BRIEF:
Leave out the pictures and output exactly the lines below from the one with "原味奶茶的做法 步骤9" down to the one with "TREASURE PULSE ON LIVE CD タワレコ特典トレカ　アサヒ", both of them included.

SUPPLIED INFORMATION:
-------------------------

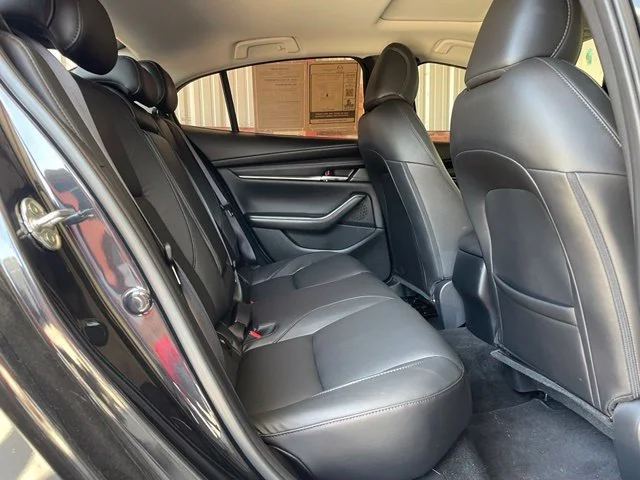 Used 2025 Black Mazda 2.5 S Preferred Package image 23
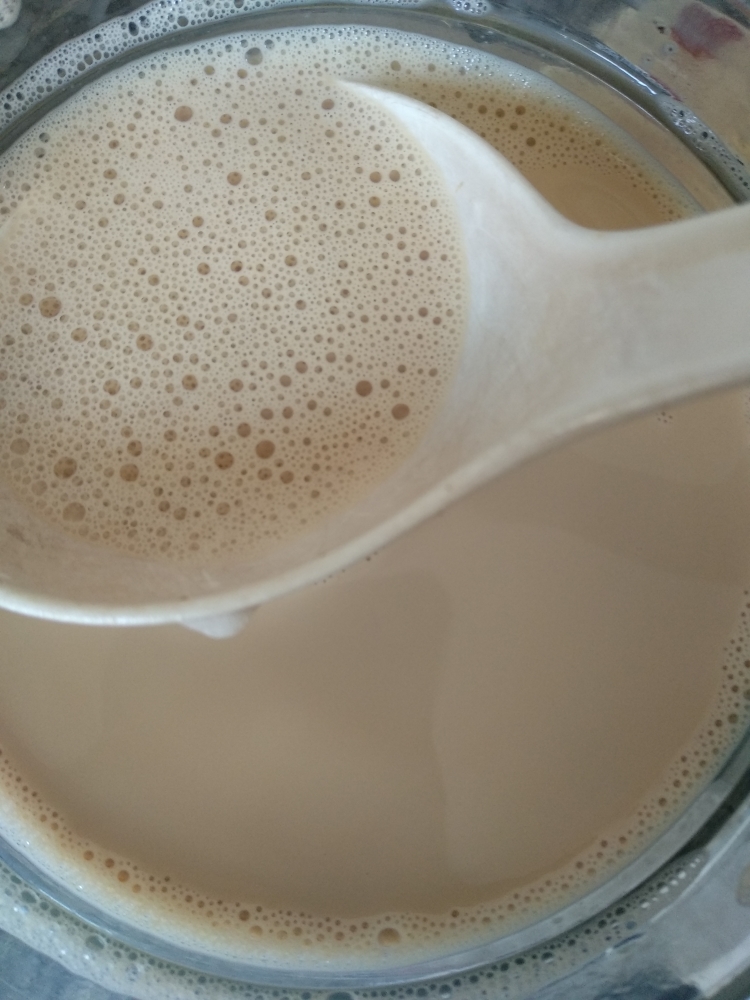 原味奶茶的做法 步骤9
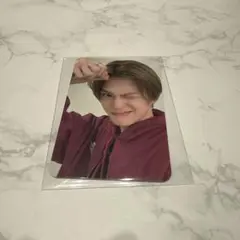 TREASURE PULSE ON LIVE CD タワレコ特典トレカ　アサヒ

-------------------------

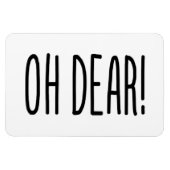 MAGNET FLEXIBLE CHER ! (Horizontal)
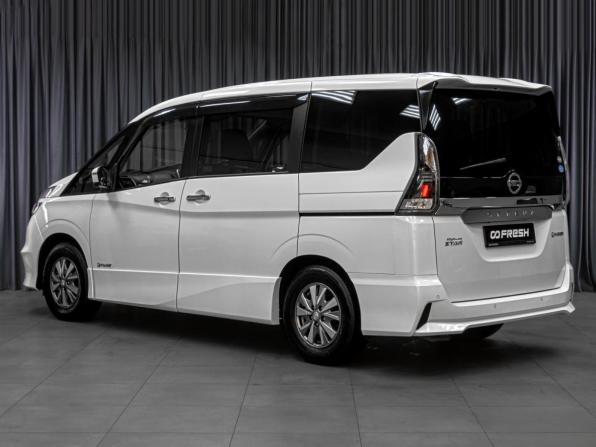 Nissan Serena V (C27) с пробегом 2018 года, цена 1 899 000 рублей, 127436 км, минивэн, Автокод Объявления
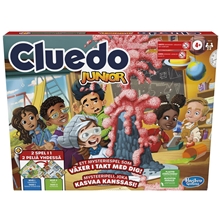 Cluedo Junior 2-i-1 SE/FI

-------------------------

RESULT:
 原味奶茶的做法 步骤9
 TREASURE PULSE ON LIVE CD タワレコ特典トレカ　アサヒ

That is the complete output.